Employers and the labour movement are discussing an unusual marriage that could result in support from the private sector for any decision by the unions to shut down the country over the increasingly vexing National Social Responsibility Levy.
Both sides have expressed dissatisfaction with the burdensome tax, which increased from two per cent to ten per cent effective July 1, and they are looking to force the Freundel Stuart administration’s hands on the matter.
The Barbados Private Sector Association (BPSA) and union leaders met yesterday to discuss the austerity measures announced by Minister of Finance Chris Sinckler in the May 30 Financial Statement and Budgetary Proposals, after which BPSA Chairman Charles Herbert said both sides were unhappy with the absence of dialogue between Government and its Social Partners “over our financial problem and the Budget”.
Herbert disclosed little about the meeting, but said the umbrella agency of private sector organizations would meet with its membership today and tomorrow to finalize its position.
While describing the talks as “a very good meeting”, Herbert also said the grouping was “very concerned about what the unions might do”.
Still, when pressed on whether the business community would join the labour movement in a national shutdown, the BPSA boss told Barbados TODAY there would be no support unless they reached a common position, “but if we do have a common position we might”.
“We really can’t say much at this stage. All we can say at this stage is that we are talking with each other and we are exploring the common positions. After that you have to interpret what will happen if we have common positions,” he said.
Herbert added that the business community was also not pleased that Stuart had rejected the recommendations put forward by his own foreign exchange and fiscal deficit working groups of the Social Partnership earlier this year, without giving an explanation.

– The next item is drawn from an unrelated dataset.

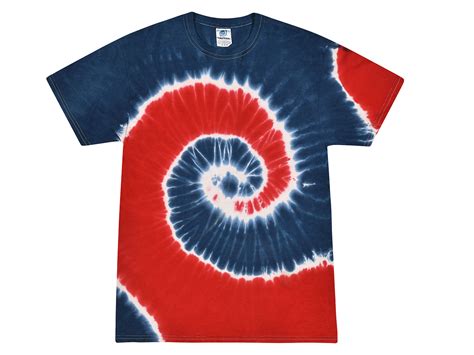 Spiral Royal and Red Tie Dye T-Shirt | Colortone | Tiedyespace.com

“We feel that dialogue is what is missing in that we don’t know why they rejected them and we were not given an opportunity to defend our feelings. We certainly have not bought into the NSRL and they have not made any effort to sell us on it, except to say that there is no other alternative, and of course we had given them alternatives, which we don’t know why they have [been] rejected,” Herbert said.
When contacted President of the Barbados Chamber of Commerce and Industry Eddy Abed and outgoing Executive Director of the Barbados Employers’ Confederation Tony Walcott refused to comment on the matter, stating the BPSA was leading the charge.

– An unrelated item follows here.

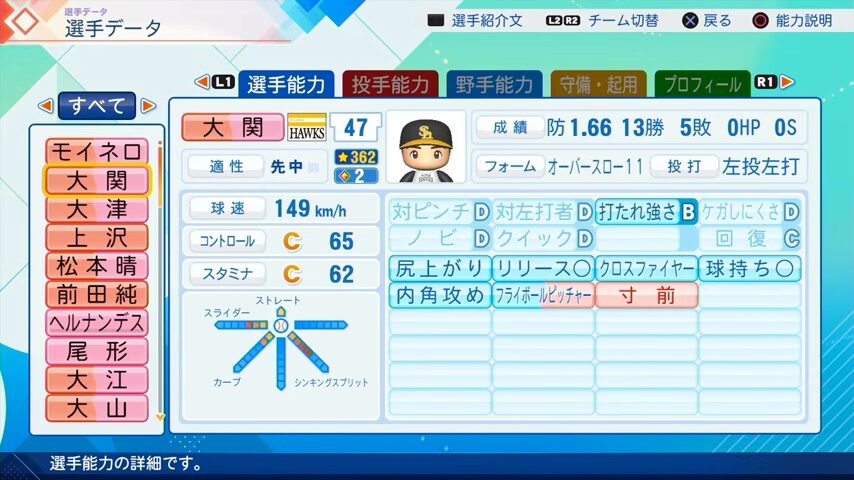 大関のパワプロ能力データ（2026年開幕版）・ソフトバンクホークス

Following a march on Tuesday from Queen’s Park to Independence Square, after which they failed in their attempt to hand-deliver a letter to Stuart, the Barbados Secondary Teachers’ Union (BSTU), the Barbados Union of Teachers (BUT), the Barbados Workers’ Union (BWU) and the National Union of Public Workers (NUPW) gave the Prime Minister 48 hours to respond positively to their demands to reduce the NSRL by 50 per cent, or provide workers with a coping subsidy.
Failing this, the unions threatened to “up de ting”, generally interpreted to mean a national shutdown.
The ultimatum expired today and up until the time of publication, there had been no signs of movement by Government or word on the next steps by the unions.